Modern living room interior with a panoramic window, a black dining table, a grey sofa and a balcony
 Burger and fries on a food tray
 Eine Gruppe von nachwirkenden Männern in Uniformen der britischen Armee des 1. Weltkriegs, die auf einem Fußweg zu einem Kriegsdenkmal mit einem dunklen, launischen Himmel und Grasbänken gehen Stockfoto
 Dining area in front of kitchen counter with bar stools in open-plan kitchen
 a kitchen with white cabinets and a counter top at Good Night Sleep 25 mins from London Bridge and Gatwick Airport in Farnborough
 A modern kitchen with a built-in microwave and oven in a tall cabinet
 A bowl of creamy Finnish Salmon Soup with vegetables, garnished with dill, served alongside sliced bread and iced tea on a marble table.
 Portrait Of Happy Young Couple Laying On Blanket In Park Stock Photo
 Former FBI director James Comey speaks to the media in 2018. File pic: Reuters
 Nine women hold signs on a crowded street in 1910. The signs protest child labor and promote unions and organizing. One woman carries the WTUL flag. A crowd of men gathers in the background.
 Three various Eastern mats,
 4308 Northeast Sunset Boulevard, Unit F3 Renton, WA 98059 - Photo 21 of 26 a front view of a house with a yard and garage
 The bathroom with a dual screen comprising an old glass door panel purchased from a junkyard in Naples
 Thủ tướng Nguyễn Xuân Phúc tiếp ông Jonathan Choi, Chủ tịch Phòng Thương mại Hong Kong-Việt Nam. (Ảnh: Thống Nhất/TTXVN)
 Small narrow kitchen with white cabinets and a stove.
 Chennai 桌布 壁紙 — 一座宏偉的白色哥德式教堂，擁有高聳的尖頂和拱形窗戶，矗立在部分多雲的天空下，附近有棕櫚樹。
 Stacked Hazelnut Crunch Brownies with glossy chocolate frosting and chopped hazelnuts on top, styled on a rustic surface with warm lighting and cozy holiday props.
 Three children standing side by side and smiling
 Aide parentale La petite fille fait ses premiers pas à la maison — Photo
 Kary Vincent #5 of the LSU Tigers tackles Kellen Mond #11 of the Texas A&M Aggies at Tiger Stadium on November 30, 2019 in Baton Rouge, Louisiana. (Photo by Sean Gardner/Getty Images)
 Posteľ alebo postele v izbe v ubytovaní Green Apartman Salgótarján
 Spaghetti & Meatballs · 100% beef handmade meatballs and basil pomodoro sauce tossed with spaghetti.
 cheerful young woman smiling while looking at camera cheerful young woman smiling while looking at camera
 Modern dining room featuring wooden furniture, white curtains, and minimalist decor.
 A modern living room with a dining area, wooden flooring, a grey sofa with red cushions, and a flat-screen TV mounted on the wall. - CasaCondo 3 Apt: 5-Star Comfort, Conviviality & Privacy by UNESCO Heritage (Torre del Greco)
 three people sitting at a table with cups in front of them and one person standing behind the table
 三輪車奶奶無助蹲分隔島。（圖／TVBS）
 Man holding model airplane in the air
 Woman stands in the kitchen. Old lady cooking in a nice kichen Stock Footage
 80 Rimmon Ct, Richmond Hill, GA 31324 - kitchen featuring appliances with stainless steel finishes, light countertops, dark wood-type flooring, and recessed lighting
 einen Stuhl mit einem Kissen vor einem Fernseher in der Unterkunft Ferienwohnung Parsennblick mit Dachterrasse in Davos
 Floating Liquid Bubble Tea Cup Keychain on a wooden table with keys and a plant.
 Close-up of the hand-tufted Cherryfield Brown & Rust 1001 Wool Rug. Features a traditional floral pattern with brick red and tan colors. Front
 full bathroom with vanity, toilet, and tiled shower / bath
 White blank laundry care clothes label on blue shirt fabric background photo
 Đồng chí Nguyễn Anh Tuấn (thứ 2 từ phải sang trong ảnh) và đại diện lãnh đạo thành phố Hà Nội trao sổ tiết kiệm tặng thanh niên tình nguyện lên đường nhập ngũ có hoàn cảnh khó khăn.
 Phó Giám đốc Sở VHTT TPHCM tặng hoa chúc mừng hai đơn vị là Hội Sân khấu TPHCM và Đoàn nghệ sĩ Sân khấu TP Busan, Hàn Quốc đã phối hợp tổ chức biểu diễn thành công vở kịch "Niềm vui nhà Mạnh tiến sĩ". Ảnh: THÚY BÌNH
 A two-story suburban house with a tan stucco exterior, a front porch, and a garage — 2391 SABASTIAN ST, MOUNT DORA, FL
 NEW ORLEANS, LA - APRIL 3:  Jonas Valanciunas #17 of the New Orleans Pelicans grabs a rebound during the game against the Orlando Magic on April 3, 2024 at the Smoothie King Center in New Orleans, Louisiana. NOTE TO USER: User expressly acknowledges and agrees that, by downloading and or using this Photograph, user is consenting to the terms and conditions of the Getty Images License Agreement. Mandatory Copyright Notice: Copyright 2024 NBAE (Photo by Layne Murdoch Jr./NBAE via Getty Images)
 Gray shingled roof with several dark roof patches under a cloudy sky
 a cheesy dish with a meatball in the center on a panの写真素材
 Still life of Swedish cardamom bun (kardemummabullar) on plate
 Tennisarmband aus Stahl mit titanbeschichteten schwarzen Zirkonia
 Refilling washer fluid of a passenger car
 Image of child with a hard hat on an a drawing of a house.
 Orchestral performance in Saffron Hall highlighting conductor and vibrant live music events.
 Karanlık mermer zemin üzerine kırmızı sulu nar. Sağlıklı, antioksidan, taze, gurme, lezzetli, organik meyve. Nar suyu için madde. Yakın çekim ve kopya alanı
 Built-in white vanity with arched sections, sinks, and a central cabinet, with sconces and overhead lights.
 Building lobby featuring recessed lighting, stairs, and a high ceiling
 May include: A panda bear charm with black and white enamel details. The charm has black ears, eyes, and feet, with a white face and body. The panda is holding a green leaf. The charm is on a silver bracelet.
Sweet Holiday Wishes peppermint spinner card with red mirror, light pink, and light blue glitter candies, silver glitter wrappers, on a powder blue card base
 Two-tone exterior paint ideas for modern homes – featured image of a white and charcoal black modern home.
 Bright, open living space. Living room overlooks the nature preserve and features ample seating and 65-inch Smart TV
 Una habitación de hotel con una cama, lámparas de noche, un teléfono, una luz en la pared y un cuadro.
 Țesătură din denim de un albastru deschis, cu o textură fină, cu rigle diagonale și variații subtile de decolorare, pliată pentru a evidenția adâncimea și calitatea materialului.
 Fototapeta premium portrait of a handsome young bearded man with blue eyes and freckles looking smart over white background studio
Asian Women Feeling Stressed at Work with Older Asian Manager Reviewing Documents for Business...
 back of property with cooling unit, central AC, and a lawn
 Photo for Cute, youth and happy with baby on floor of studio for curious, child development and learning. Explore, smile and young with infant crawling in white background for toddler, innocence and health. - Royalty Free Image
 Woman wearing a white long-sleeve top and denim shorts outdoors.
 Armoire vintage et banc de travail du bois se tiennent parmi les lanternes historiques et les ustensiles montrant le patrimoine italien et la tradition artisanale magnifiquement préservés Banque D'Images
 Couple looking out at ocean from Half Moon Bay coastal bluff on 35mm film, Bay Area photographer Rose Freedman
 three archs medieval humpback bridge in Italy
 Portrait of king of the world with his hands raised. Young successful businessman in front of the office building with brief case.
================
What is needed: From the records above, transcribe without alteration every line from the one with "Building lobby featuring" to the one with "Two-tone exterior paint", inclusive.

Written solution:
 Building lobby featuring recessed lighting, stairs, and a high ceiling
 May include: A panda bear charm with black and white enamel details. The charm has black ears, eyes, and feet, with a white face and body. The panda is holding a green leaf. The charm is on a silver bracelet.
Sweet Holiday Wishes peppermint spinner card with red mirror, light pink, and light blue glitter candies, silver glitter wrappers, on a powder blue card base
 Two-tone exterior paint ideas for modern homes – featured image of a white and charcoal black modern home.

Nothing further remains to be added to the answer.